As anyone who has listened to any of my podcast shows knows, I’m a firm believer that we need more Mike Genovas in the sport. Or Coy Gibbs. Or Forrest Butlers. The OEMs have been there for decades, but a private business man who loves the sport can help supply even more jobs to riders and team personnel, and that’s required to keep the pits strong. Still, the guys have to find it worth it to spend the money to go racing year after year. Yeah, I’ve had my fun with MCR, Tony, and Mike over the years like everyone has, but the sport needs them, and Genova has been a steady place for jobs for many years now.
“I think for the most part, Mike Genova has been ahead of the curve for a lot of years. He thought of stuff, engineered stuff into the program. These are things that were looked at lots of times as obscure and strange,” Alessi says. “But those things that we’ve done make sense to us as a team and to Mike, so we’ve kind of run that course. I think now more people are either more used to it or are starting to see it as maybe that’s the right way to do it.
Says Vuillemin, “Mike is very passionate about moto. He obviously loves the sport. The sport needs guys like him spending his own money to put riders on the gate. He's been spending millions with no returns on investment.”
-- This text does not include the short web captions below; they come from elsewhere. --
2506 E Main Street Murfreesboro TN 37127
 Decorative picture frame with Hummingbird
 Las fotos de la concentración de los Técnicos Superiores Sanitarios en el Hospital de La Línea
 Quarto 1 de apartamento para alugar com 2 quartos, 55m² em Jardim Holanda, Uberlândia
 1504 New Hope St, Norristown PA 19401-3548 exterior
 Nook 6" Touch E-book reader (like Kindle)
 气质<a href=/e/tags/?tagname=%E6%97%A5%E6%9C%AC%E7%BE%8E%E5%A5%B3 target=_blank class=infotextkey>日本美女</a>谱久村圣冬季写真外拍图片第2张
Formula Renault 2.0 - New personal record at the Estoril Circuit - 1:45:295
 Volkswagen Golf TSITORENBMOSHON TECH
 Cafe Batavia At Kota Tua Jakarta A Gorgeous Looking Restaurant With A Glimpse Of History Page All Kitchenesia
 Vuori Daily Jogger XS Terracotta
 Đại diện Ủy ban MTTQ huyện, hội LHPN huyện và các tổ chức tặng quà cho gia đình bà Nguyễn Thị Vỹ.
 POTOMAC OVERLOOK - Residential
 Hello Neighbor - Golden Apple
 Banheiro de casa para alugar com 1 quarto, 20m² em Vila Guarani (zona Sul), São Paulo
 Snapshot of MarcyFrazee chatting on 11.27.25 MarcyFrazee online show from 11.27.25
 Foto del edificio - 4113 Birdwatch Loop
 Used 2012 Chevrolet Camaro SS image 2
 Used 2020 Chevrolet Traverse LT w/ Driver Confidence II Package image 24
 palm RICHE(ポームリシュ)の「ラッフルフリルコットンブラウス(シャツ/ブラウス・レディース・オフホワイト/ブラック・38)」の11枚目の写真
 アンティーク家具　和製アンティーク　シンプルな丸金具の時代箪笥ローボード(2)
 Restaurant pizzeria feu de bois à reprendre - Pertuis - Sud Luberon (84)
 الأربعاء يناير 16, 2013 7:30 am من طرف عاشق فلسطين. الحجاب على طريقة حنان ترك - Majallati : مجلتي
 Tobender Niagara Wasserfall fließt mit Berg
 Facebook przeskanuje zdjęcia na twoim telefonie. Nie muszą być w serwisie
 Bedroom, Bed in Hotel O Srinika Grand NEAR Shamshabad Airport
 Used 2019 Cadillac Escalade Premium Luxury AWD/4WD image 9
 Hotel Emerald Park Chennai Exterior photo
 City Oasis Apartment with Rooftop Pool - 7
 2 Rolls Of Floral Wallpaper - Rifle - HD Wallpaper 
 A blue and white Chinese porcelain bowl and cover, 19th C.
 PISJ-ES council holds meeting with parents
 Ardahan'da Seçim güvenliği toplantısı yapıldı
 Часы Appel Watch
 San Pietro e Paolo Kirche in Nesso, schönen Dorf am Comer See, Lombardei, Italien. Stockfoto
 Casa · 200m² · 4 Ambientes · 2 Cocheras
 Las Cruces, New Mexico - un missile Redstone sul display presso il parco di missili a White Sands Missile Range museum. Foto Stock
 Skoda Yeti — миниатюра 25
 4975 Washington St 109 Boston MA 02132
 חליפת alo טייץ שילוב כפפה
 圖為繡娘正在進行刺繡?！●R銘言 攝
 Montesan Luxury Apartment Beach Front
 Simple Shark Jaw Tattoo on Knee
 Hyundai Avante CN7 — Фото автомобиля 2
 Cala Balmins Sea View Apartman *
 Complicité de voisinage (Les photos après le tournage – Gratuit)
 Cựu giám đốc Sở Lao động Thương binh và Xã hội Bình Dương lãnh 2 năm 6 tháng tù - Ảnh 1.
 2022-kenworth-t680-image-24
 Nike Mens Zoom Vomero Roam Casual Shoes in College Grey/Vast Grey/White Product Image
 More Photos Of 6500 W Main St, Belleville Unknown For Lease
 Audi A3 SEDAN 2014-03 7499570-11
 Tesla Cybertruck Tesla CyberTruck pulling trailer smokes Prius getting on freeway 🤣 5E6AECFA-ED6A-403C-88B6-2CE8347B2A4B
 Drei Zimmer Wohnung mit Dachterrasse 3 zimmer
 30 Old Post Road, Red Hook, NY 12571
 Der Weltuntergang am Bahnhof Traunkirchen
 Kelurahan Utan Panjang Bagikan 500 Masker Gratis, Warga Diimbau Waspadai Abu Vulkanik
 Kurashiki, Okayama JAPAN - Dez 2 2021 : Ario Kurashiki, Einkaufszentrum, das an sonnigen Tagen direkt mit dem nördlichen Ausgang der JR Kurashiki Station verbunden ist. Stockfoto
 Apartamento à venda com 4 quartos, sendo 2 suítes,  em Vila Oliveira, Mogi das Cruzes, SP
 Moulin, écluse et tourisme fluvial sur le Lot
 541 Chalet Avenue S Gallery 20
“I’m still in, and willingly. But if something happened with my health or economy or whatever, fortunately I’m not going broke doing it, but I spend all the money I make during the week here,” Genova says. “We spend a lot of money and energy to be up there fighting. So, the year Justin’s having and winning Daytona, it’s icing on the cake. It kind of exemplifies, I guess, that yeah, we’ve been doing things right.”
MCR doing things right? That last sentence would have surprised people a few years ago, but you know what? Give credit where credit is due, because now it’s clear that this team has been on a right track for a while now. Through the hard work of Justin Brayton, Tony Alessi, Vince Friese, and most of all, Mike Genova, MCR has turned a corner, not only in the results, but in the perception of the team to everyone outside of it. This team stuck to its course, and now things keep looking better and better.